Советская молодежь потянулась к “свободам”, что усугублялось обычным юношеским желанием самовыразиться, проявить себя. В 1958 г. в столице был открыт памятник Маяковскому, и он стал излюбленным местом вечерних сборищ молодых людей. Читали стихи, пели песни… Словом, как сказали бы сейчас, просто тусовались. Но попытки комсомола взять эти встречи под контроль кончились ничем. А дискуссии, которые разгорались возле памятника, нет-нет да и касались “политики”. В итоге сборища на площади Маяковского просто запретили и разогнали. А такие акции вызывали недовольство, ответный протест. И стихи, песни, споры переносились в другие места. На кухни частных квартир, за чаем или за бутылкой. К кострам походов на природу.

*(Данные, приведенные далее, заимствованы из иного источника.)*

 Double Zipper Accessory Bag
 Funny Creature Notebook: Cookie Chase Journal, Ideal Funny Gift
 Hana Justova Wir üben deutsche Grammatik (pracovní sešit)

Основным гнойником начинающегося внутреннего разложения России стала творческая интеллигенция. В сталинской модели державность оказалась неразрывно связана с идеологией. И атака на сталинизм одновременно нанесла ощутимый удар по устоям патриотизма. Теперь советская культурная среда претендовала на осуждение “ждановщины”, на расширение своей “свободы творчества”. Требования “партийности” и впрямь были чересчур навязчивыми, порождали искусственный и лживый официоз. Ему не верили даже читатели и зрители, а уж тем более не могли верить люди, которые сами создавали его.

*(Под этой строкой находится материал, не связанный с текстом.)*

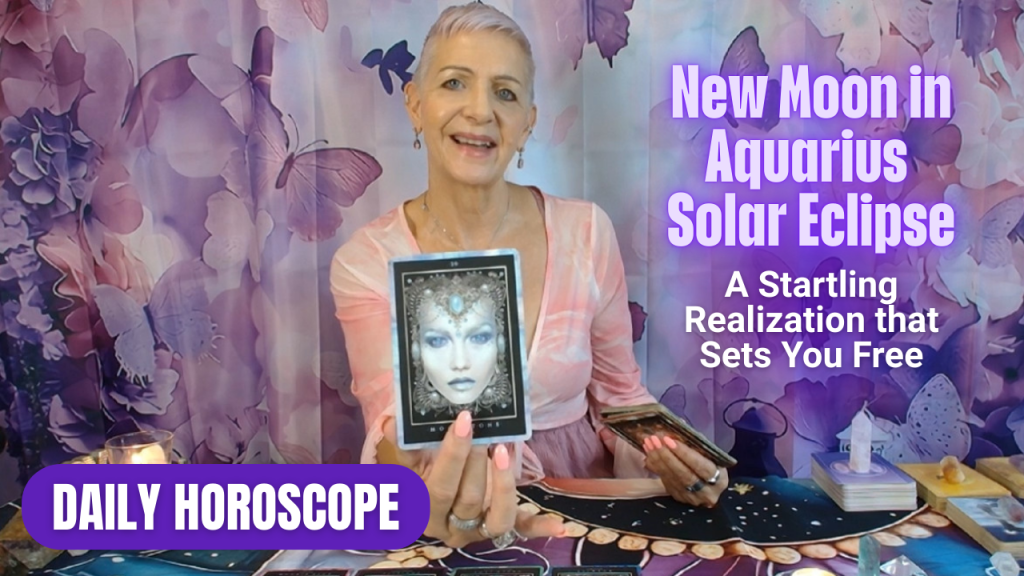 New Moon in Aquarius Solar Eclipse Astrology Report by Psychic Medium, Rose Burnett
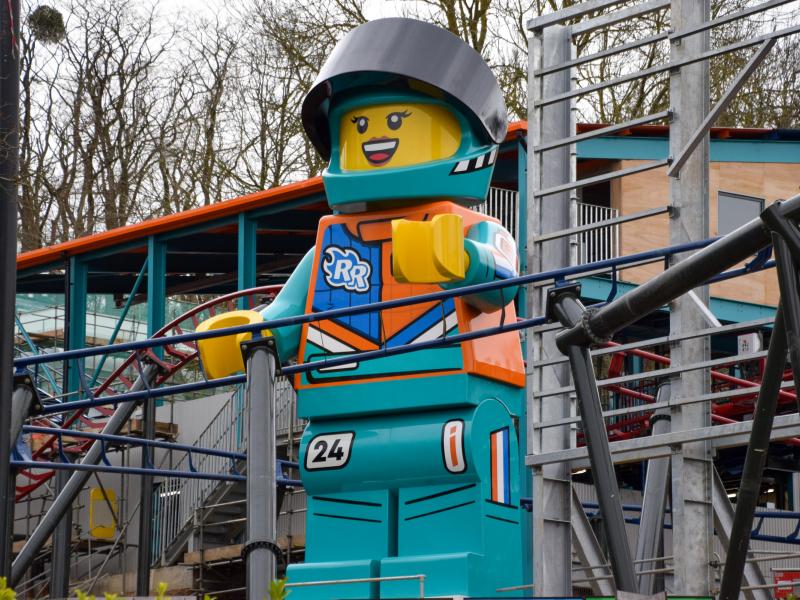 Minifigure Speedway Construction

Но других направлений советское искусство не знало. А путь возврата к национальным корням большинство творческих работников отвергало или не видело. Он был слишком замусорен коммунистической пропагандой, искажен, чреват опасностями – или связывался с “консерватизмом”, “реакцией”, сталинизмом. И творческая интелигенция пошла по тем путям, на которые ее подталкивали западные влияния. С одной стороны, начали развиваться космополитические тенденции – поднимались проблемы “общечеловеческих ценностей”, самокопаний, эгоцентризма, искусства ради искусства. С другой – становился модным нигилизм. Критикантство, скепсис, порождение сомнений, высмеивание отечественной жизни,

Однако Хрущев никак не был настроен на такое понимание “оттепели”. На встречах с деятелями культуры он заявлял: “В вопросах художественного творчества Центральный Комитет партии будет добиваться от всех... неуклонного проведения партийной линии”. Предупреждал: “Вовсе не означает, что теперь, после осуждения культа личности, наступила пора самотека, что будут ослаблены бразды правления, общественный корабль плывет по воле волн, и каждый может своевольничать, вести себя, как ему заблагорассудится”. И то, что, по его пониманию, выходило за рамки дозволенного, решительно пресекалось. Авторы подвергались резкой критике. Снятые ими фильмы попадали на полки хранилищ, их картины и скульптуры уничтожались или убирались с глаз долой. Их романы и стихи обрекались пылиться в ящиках столов.

Но помощь с готовностью предлагал Запад! Хотите, чтобы ваши произведения увидели свет? Пожалуйста! С радостью. Давайте, и мы опубликуем, откроем дорогу к славе. Ярким примером подобной провокации стала история с романом Б. Пастернака “Доктор Живаго”. И с исторической, и с художественной точки зрения произведение было откровенно слабым. Если кто-то пробовал и попробует его читать, может сам в этом убедиться (до сих пор автору не удалось встретить ни одного человека, кто смог бы с удовольствием и интересом дочитать роман до конца). Но в 1958 г. он был издан за рубежом, и ему, явно из конъюнктурных соображений, сразу же присудили Нобелевскую премию.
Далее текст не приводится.